Brandanschlag auf die Bahn am Montag

Am Montag waren Zehntausende Bahnfahrer von den Folgen der Brandanschläge nahe des Berliner Hauptbahnhofs und im brandenburgischen Havelland betroffen, die wichtige Teile des Verkehrsnetzes der Deutschen Bahn lahmlegten. Reisende kamen zu spät zu Terminen, Berufspendler warteten vergeblich auf ihre Züge. Fahrgäste im Fern- und Regionalverkehr mussten auf der Nord-Süd-Strecke lange Wartezeiten und Umleitungen in Kauf nehmen.

Die Bahn verurteilt die Anschläge aufs Schärfste: "Unsere Kunden sollen nach den Bekennerschreiben für den Afghanistan-Einsatz der Bundeswehr herhalten. Das ist absolut verantwortungslos", sagt Prof. Gerd Neubeck, Leiter der Konzernsicherheit der DB. "Bei einem Streckennetz von 34.000 Kilometer Länge ist eine flächendeckende Überwachung schlicht unmöglich", gibt Neubeck zu bedenken. "Wir sind zwingend bei der Bekämpfung extremistischer Gewalt auf die staatlichen Ermittlungsbehörden angewiesen. Dies ist nicht Aufgabe der Bahn. Wo wir mit den uns zur Verfügung stehenden Mitteln und Befugnisse unterstützen können, tun wir dies gerne."

Zunächst hatten in der Nacht zu Montag gegen 3.45 Uhr Brandstifter an der ICE-Strecke zwischen Hamburg und Berlin Feuer in einem Kabelschacht gelegt. Zwischen den Bahnhöfen Finkenkrug und Brieselang wurden Signalanlagen schwer beschädigt, die Strecke musste gesperrt werden. Der Regional- und Fernbahnverkehr in Berlin und Brandenburg wurde dadurch erheblich beeinträchtigt.

Außerdem fand ein Bahnmitarbeiter am nördlichen Ausgang des Tieftunnels am Berliner Hauptbahnhof gegen 11.45 Uhr mehrere verdächtige Gegenstände. Sie enthielten flüssigen Brandbeschleuniger und wurden von der Bundespolizei entschärft. Für etwa eineinhalb Stunden mussten Fern- und Regionalzüge umgeleitet werden, betroffen war der Zugverkehr auf der Nord-Süd-Tangente.
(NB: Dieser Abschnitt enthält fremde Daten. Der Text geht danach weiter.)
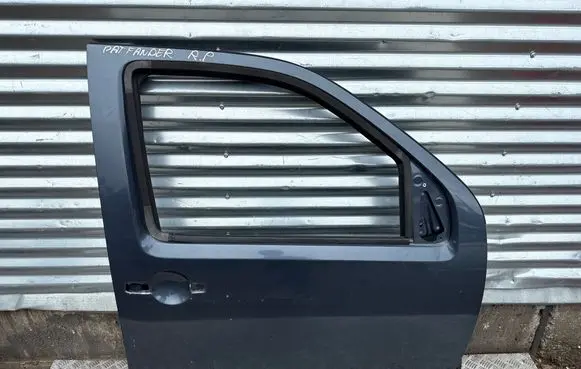 Nissan Pathfinder R51 Front door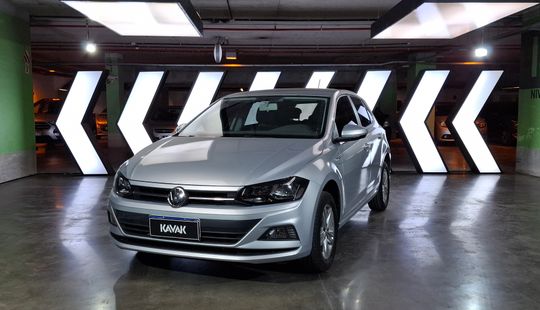 Volkswagen • Polo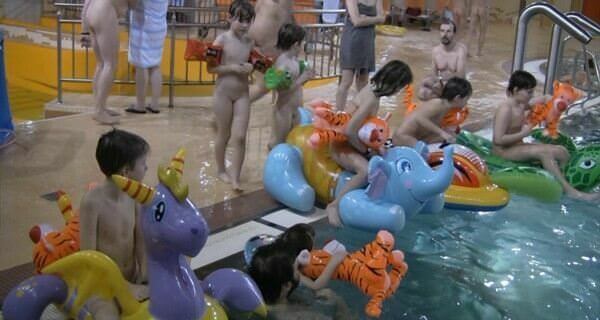 Indoor water runners 1 Full HD video - Nudity promotes a better understanding of oneself and ones feelings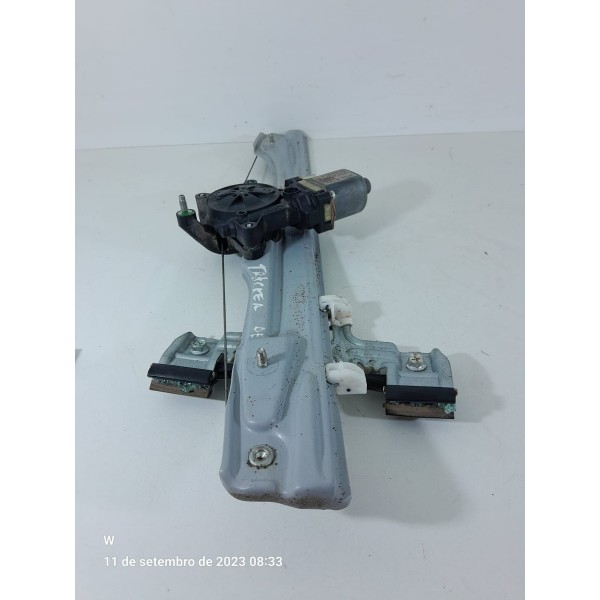 Maquina Vidro Tracker 2021 2022 2023 Diant Esquerda /31988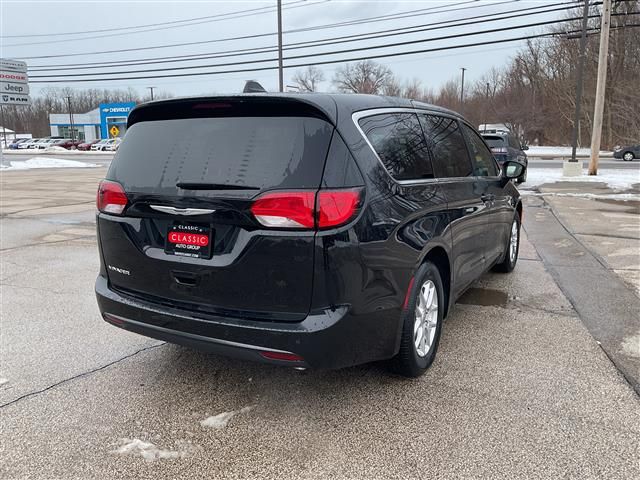 2025 Chrysler Voyager LX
Bahnreisende zwischen Berlin und Hamburg müssen sich bis Mittwoch auf deutlich längere Fahrzeiten einstellen. Züge mit Abfahrt vor Mittwoch, 10 Uhr, sind zwischen beiden Städten voraussichtlich 35 bis 45 Minuten länger unterwegs, weil sie umgeleitet werden. Darauf weist die Bahn Kunden bei der Fahrplanauskunft hin und gibt als Grund "Vandalismus" an.